## WHAT THIS TASK INVOLVES
Instruction for the entries that follow: retype exactly the lines from the line with "Active With Contract: $215,000" to the line with "Жилетка и брюки для мальчика", both included, and omit all others.

*** DATA PROVIDED ***

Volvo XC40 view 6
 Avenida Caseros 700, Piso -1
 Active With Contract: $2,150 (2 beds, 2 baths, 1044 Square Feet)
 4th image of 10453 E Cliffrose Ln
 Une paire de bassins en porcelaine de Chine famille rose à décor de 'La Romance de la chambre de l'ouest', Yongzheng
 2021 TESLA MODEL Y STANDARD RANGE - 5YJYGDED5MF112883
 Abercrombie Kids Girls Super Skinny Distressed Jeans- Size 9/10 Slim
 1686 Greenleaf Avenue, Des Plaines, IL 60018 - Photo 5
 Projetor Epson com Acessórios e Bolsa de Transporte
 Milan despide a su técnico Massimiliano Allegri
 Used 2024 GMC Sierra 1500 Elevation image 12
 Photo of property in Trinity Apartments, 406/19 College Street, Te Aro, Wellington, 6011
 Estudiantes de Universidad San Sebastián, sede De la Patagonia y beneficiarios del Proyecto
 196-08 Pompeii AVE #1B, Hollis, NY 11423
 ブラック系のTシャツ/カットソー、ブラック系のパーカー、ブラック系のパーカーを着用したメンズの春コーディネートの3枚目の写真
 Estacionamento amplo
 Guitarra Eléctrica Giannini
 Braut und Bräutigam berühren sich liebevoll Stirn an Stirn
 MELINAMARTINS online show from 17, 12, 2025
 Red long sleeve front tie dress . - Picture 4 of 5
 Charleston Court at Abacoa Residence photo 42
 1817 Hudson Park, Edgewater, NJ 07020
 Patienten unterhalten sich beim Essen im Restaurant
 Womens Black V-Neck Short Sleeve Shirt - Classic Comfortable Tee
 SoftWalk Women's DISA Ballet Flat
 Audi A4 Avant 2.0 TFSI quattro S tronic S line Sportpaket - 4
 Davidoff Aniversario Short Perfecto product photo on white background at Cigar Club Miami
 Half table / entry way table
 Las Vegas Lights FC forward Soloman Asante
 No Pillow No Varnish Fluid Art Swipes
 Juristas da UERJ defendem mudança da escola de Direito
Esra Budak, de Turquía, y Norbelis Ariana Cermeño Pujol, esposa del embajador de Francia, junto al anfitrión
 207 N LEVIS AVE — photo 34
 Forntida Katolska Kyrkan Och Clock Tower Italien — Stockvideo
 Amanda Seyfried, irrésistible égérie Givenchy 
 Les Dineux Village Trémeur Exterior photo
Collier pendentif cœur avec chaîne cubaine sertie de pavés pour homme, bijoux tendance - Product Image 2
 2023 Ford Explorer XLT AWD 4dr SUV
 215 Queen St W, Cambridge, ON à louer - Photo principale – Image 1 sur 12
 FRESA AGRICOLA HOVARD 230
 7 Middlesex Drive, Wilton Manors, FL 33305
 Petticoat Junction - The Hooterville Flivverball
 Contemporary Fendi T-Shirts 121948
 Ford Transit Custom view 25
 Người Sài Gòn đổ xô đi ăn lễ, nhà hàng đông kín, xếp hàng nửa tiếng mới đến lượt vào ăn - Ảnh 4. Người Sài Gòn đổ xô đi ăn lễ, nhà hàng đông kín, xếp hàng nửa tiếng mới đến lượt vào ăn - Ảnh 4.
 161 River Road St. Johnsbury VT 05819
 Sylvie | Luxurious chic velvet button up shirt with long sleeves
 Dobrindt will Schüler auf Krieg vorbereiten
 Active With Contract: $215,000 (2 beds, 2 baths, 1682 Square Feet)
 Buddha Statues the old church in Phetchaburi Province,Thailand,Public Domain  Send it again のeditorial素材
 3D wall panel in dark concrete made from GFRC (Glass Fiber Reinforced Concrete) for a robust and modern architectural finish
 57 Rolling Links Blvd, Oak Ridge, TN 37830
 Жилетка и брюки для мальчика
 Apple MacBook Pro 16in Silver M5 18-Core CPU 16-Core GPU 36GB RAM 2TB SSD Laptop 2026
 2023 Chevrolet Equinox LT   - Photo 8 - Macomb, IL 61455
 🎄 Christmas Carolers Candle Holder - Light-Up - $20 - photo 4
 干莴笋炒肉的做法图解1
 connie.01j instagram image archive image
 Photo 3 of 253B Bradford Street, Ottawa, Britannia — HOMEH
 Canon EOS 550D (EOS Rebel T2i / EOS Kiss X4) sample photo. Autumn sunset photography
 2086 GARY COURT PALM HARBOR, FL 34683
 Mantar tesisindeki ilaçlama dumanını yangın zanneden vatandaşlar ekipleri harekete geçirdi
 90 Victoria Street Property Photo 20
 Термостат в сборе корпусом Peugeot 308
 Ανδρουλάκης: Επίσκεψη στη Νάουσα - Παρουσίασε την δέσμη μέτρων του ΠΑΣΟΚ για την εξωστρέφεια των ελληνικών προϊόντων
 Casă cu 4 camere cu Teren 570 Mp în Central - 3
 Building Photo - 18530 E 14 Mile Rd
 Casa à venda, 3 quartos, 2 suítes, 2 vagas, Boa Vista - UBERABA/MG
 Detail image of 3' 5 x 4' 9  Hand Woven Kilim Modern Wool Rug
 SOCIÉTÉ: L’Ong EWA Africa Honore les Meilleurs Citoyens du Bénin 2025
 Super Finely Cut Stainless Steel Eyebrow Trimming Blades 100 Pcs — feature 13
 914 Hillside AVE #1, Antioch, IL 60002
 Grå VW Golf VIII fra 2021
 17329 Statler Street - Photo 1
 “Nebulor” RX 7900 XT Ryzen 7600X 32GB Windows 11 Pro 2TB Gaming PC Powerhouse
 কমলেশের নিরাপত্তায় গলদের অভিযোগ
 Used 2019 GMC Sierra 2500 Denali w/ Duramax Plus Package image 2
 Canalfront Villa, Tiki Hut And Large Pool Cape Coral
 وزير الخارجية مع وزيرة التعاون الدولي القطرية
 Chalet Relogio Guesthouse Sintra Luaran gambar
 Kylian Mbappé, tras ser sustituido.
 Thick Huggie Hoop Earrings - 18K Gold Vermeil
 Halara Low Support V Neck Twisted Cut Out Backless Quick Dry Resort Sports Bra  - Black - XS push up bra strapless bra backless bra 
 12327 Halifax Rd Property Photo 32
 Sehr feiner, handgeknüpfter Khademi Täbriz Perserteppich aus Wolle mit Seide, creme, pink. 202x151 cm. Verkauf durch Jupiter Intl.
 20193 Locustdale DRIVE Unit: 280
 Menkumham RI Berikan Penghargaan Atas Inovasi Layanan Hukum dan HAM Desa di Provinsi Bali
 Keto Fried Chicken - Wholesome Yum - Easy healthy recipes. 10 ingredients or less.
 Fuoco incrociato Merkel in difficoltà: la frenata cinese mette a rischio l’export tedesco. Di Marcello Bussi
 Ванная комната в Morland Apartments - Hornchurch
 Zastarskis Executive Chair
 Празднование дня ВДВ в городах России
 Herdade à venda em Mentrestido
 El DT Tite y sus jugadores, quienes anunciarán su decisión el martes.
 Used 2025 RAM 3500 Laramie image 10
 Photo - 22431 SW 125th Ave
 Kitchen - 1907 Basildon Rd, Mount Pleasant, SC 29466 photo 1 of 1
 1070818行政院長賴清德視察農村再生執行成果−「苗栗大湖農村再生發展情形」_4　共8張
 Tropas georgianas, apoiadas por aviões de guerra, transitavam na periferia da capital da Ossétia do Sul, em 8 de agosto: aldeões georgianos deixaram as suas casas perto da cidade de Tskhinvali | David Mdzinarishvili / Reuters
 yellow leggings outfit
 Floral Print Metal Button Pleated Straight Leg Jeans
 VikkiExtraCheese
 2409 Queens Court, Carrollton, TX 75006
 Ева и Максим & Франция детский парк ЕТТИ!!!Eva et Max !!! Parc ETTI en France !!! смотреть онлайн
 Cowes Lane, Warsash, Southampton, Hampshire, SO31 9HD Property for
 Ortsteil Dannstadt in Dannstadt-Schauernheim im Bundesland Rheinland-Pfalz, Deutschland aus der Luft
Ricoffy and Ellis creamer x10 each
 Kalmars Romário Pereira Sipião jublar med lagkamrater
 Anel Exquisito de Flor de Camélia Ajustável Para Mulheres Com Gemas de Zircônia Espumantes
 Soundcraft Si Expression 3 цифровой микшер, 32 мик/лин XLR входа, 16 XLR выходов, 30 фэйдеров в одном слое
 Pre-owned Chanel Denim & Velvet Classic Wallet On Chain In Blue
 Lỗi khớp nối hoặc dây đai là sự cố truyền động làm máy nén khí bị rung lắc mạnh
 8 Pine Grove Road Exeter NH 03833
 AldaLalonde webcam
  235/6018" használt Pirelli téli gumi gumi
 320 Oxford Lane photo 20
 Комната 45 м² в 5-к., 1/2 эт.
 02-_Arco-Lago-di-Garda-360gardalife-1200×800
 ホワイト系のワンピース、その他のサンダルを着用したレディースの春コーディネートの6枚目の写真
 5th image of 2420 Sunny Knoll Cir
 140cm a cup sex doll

***

## TASK RESPONSE
 Active With Contract: $215,000 (2 beds, 2 baths, 1682 Square Feet)
 Buddha Statues the old church in Phetchaburi Province,Thailand,Public Domain  Send it again のeditorial素材
 3D wall panel in dark concrete made from GFRC (Glass Fiber Reinforced Concrete) for a robust and modern architectural finish
 57 Rolling Links Blvd, Oak Ridge, TN 37830
 Жилетка и брюки для мальчика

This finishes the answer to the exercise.